When you determine you can make improvements or changes to your resume, and when your resume is not working for you. A resume’s main function is to get you in the door for an interview and if it’s not doing that job, then it’s time to schedule a critique with a resume expert. No matter what, you should always have your resume proofread for errors before submission, and a critique will cover that.
What should I bring with me to a critique?
Your document package (Cover Letter, Resume, List of References, etc), job posting(s) that you are interested in, any industry information you find pertinent, and an open mind.
I don’t handle criticism well, how should I go about a critique?
A successful critique should focus on what is working for you and what is working against you. The critique should highlight the positives and how to enhance them, as well as areas that need improvement. The resume expert should always explain what and why they are suggesting these improvements, and if they do not, you should always ask. In the end, it’s entirely up to the person who has their name on the resume as to what they are satisfied with. Successful critiques are a dialogue and a debate about what works and what does not in your interest.
What if I don’t have the tools or skills to update the resume?
Let the resume expert know, for example, if they recommend a table on your resume, that you are unsure about how to insert a table. They should be able to walk you through the steps.

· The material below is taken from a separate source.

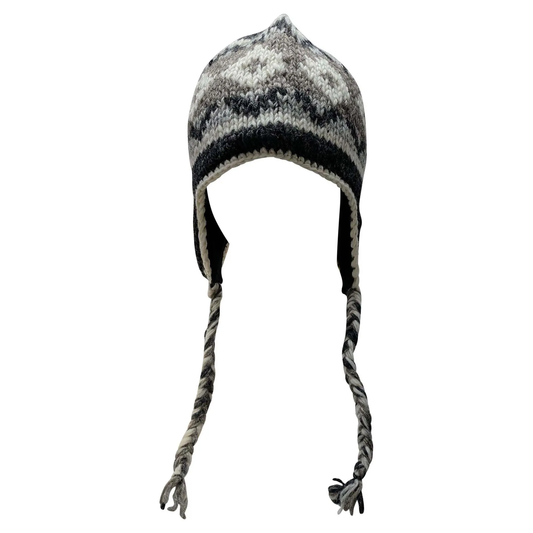 Hand Knit Wool Winter Hat: Fleece Lined, Boho Tassel - P115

If you do not have the tools, like an electronic version of your resume or a word processor program, the resume expert should be able to point you in the right direction. Don’t avoid a critique because of the uncertainty about how to make changes.
What if I don’t agree with any recommendations?
First, make sure you vocalize your opinions during the critique. When the expert and you have the debate and justify each side, the dialogue produced should provide a direction for you to go towards with your resume. Ultimately, the resume is your document to submit and it is entirely up to you how you would like it to look.
When is the resume finished?
If we are talking about finished in terms of ready to be submitted, then it is done when you are satisfied with it’s ability to market your skills and it is error free. In general, as a resume writer, I would say it is never completely finished. Resumes are living documents that are always changing based upon the career fields you apply for. Labor market hiring trends, your career path, and industries can influence how a resume may look. Unfortunately, learning about resumes can also be about trial and error. That is why it is crucial to utilize critiques to improve your chances of getting an interview.